▸ What is needed
Please copy exactly the line containing "Kreative Mini E-Piano" and every line after it, through the last line of the records below, leaving out all pictures.

───── Data provided ─────

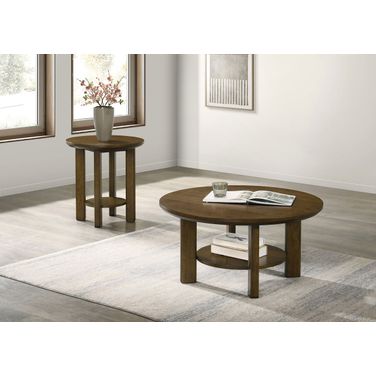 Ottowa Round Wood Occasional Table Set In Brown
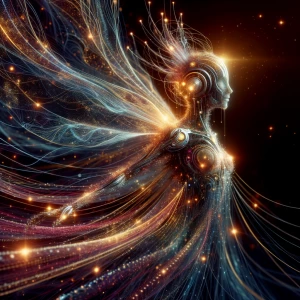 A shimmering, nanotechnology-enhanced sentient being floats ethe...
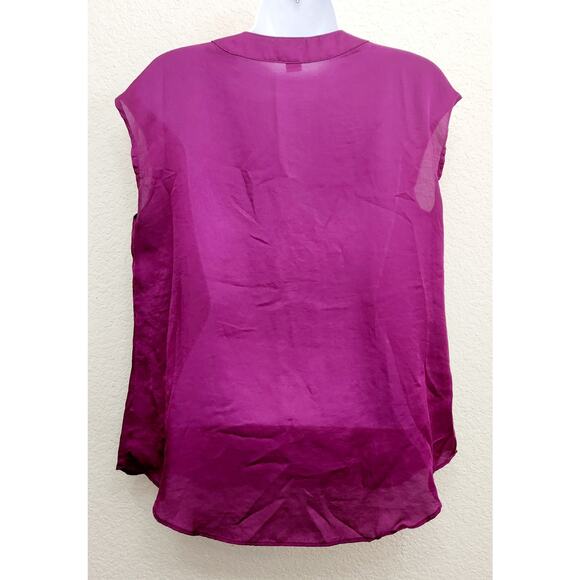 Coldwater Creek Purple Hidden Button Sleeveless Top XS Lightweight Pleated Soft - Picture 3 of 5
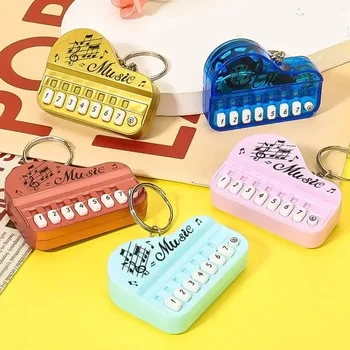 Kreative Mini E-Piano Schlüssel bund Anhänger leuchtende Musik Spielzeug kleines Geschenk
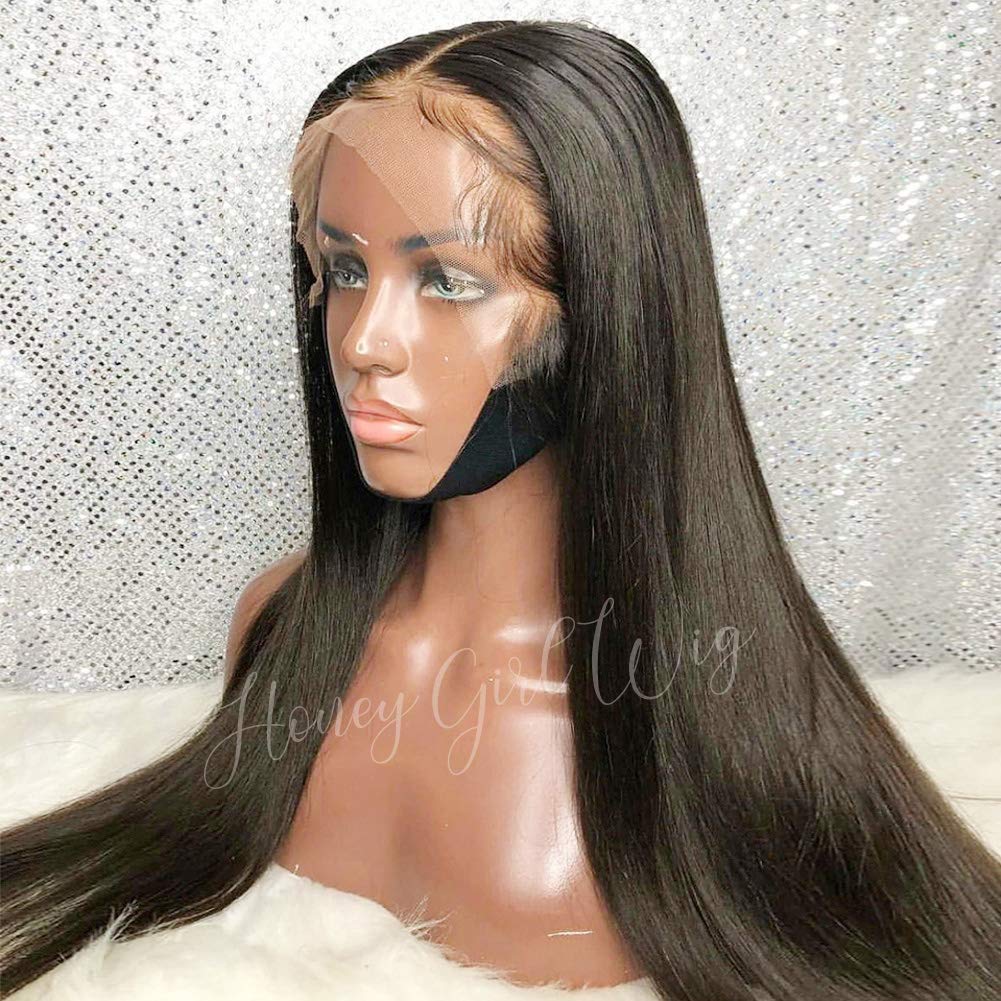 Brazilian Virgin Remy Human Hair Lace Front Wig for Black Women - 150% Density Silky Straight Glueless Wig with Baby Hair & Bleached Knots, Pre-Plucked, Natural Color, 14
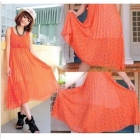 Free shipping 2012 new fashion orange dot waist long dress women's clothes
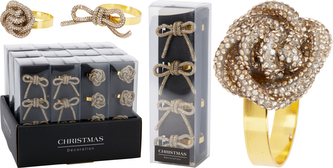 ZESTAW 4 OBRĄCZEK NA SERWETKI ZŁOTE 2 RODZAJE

─────

▸ Written solution
 Kreative Mini E-Piano Schlüssel bund Anhänger leuchtende Musik Spielzeug kleines Geschenk
 Brazilian Virgin Remy Human Hair Lace Front Wig for Black Women - 150% Density Silky Straight Glueless Wig with Baby Hair & Bleached Knots, Pre-Plucked, Natural Color, 14
 Free shipping 2012 new fashion orange dot waist long dress women's clothes
 ZESTAW 4 OBRĄCZEK NA SERWETKI ZŁOTE 2 RODZAJE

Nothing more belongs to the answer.